Although she does not name the illness for which she was diagnosed, it was ‘hysteria’, an affliction doctors ascribed especially to young, independent and assertive women. It was often regarded as short-hand for sexual voraciousness. Rather obviously, then, hysteria involved the entire body, not just the ‘mental’ bit.
Nor was she admitted to a ‘mental hospital’. She was admitted to Blackwell’s Island Insane Asylum. No room for ambiguity there. The asylum in those days was an unhappy marriage of a prison and a hospital. The insane were on the inside and the sane were on the outside.
Notwithstanding the title of David Rosenhan’s ‘On Being Sane in Insane Places’ (1973), he and his fellow pseudo-patients walked into the categorizing arms of the Diagnostic and Statistical Manual (1968) of the American Psychiatric Association. No binary divisions here, but 182 ‘disorders’. (There are a lot more now). One pseudo-patient was categorized as manic-depressive and the rest as schizophrenic. All bona fide ‘mental’ illnesses.
They were admitted and detained in what were variously described as psychiatric or mental hospitals.
So what had happened between the 1880s and the 1970s for the ‘mental’ to break free of its bodily moorings?
Some preliminary points.
The counterpart of ‘mental’ is physical, which, in this case, means bodily or somatic. There are ‘real’ illnesses and there are intangible ‘mental’ illnesses.
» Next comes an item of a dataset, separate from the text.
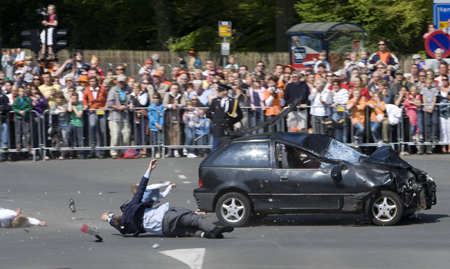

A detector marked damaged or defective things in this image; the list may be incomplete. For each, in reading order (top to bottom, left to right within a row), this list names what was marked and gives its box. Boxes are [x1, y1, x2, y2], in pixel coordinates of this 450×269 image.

damaged black car [193, 132, 436, 226]
shattered windshield [326, 138, 364, 163]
And within the ‘mind’ of the mentally ill there is an imbalance between cognition and emotion—as in ‘he killed himself because the balance of his mind was disturbed’. People are mad or mentally ill because their behaviour is uncontrolled by reason or judgment. Treatment focuses on how best to recalibrate this disturbed balance, using psychotherapy and/or psychopharmacology.
But as anyone who has been diagnosed with a mental illness knows, it effects every fibre of your being, including most of your organs and limbs. It’s not just the bit above your shoulders that’s a problem.
And as anyone socially connected with a mentally-ill person knows only too well, all who come into contact with this person get to be affected too. For example, a depressed person is a black hole of negative energy, draining the life out their nearest and dearest. Not since the days of Newton has there been such an example of action-at-a-distance.
Mental illness is simultaneously mental, somatic and social. Running between these levels is the emotional. Perhaps we should be speaking of emotional rather than mental health?
In fact, the causation may run in both directions.
Consider the possibility that the mentally-ill embody social ills, in the same way that canaries down mines detected gas by dying. Perhaps mental illness is a rational response to mad social situations. If that were so, we’re doing the equivalent of resuscitating canaries and sending them back down the mine.
Like the fool in Shakespeare’s plays, perhaps the ‘mad’ are the only ones who get to speak the truth.